On 8 April 2013, the Revenue explained that it was not in a position to fulfil all elements of the request within the extended timeframe of 15 April 2013. It suggested that the applicant reduce his request to the wording of section 2 of his original request.
In response, the applicant informed the Revenue that his primary concern was to obtain the information. He suggested that he was happy to consent to an extension of time to 7 May 2013.
On 10 April 2013, the Revenue wrote to the applicant and informed him that it could not extend the timeframe for his request beyond the deadline date of 15 April 2013. It asked the applicant to confirm, by return, if he was willing to reduce the scope of his request to the wording of section 2 of his original letter.

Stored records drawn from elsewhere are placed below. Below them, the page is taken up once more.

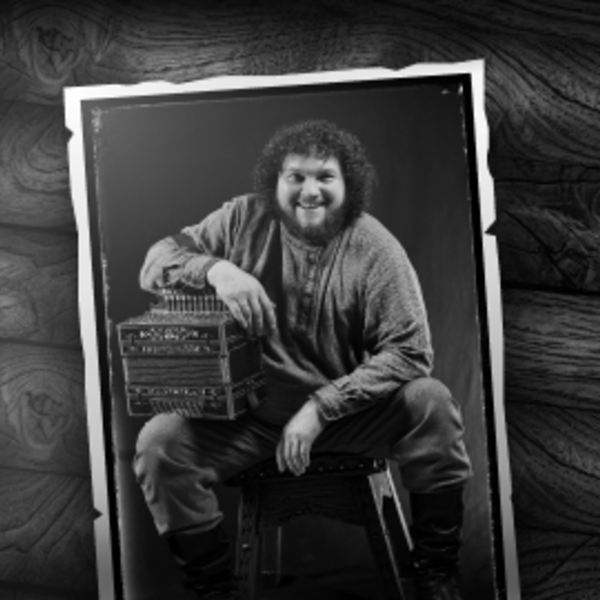 И поет мне в землянке гармонь....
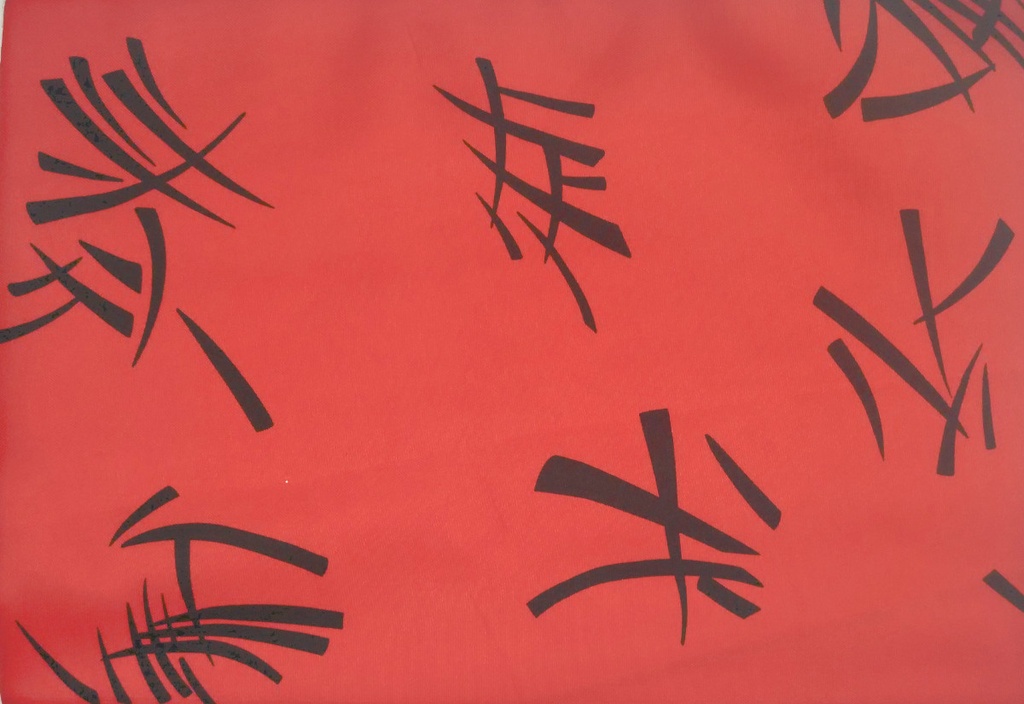 Raso letras chinas rojo negro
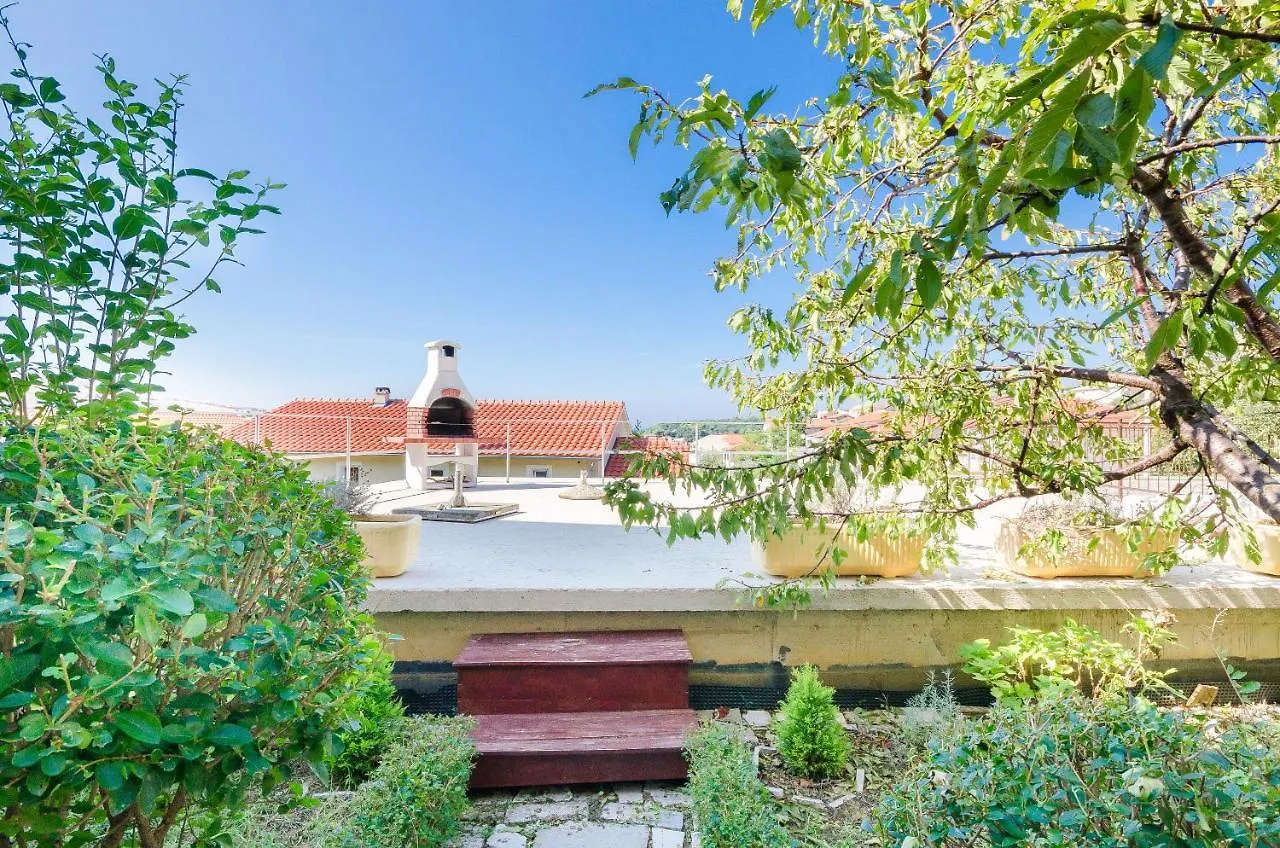Apartments Mirjana B Lopar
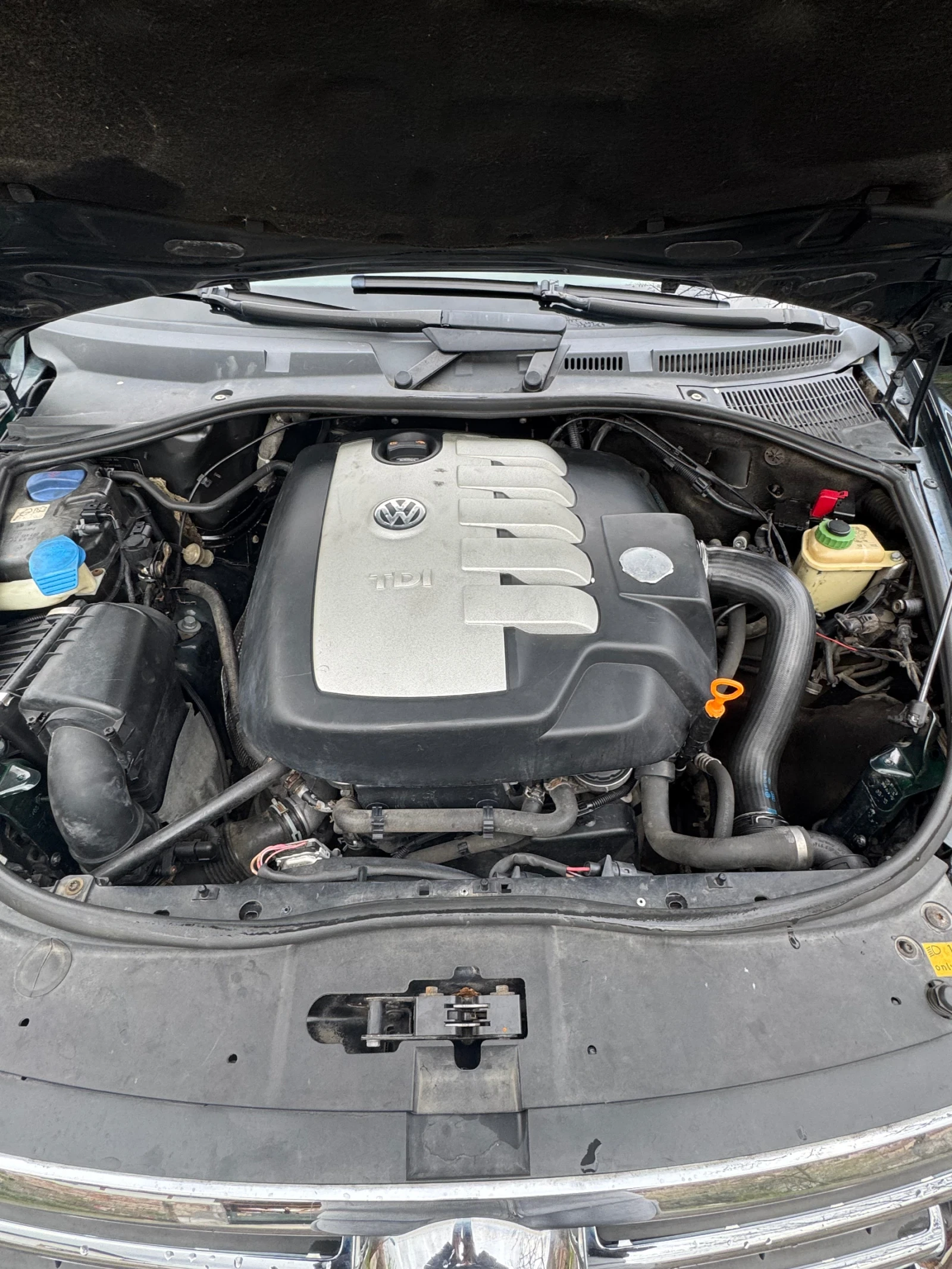 VW Touareg 2.5 4x4, снимка 15 - Автомобили и джипове - 54030296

On 11 April 2013, the applicant confirmed that he would accept copies of the records falling within category 2 of his letter of 8 February 2013 without prejudice to his entitlement to an internal appeal of the refusal to grant his request in respect of the records covered by sections 1 and 3 of his original request.
In response, on 12 April 2013, the Revenue advised the applicant that his letter of 11 April 2013 did not contain an acceptance of the proposed narrowing of the scope of his original request as per its letters of 8 and 10 April 2013. Accordingly, the Revenue informed the applicant that it was refusing his request for the records under section 10(1)(c) of the Act.
On 25 April 2013 the applicant sough an internal review of the decision.
On 13 May 2013, the Revenue affirmed the original decision to refuse the request under section 10(1)(c) of the FOI Acts.
On 30 August 2013, the applicant sought a review of the Revenue's decision from this Office.
Following correspondence from this Office, the Revenue agreed to process the records relevant to (a) point 2 of the applicant's request and (b) records which are specific to the requester, namely the Revenue's working papers relating to the applicant. It continues to contend that parts 1 and 3 of the applicant's request are excessively voluminous. Therefore, the current position, as I see it, is that the Revenue contends the applicant's request is voluminous and the applicant has not confirmed that he accepts that contention. Accordingly, I have decided to conclude this review by issuing a formal binding decision. In carrying out my review, I have had regard to the correspondence between the applicant and the Revenue and to the correspondence between this Office and the Revenue. I have also had regard to the provisions of the FOI Act.
The scope of this review is confined to assessing whether the Revenue's refusal of the applicant's request is in accordance with the provisions of the FOI Acts. As the Revenue has processed records in relation to point 2 of the request, my review in this case is confined to an examination of the Revenue's decision in relation to the remaining records, namely points 1 and 3 of the request.
Section 34(12)(b) of the FOI Act provides that a decision to refuse to grant a request under section 7 shall be presumed not to have been justified unless the head of the relevant public body shows to the Information Commissioner's satisfaction that its decision was justified.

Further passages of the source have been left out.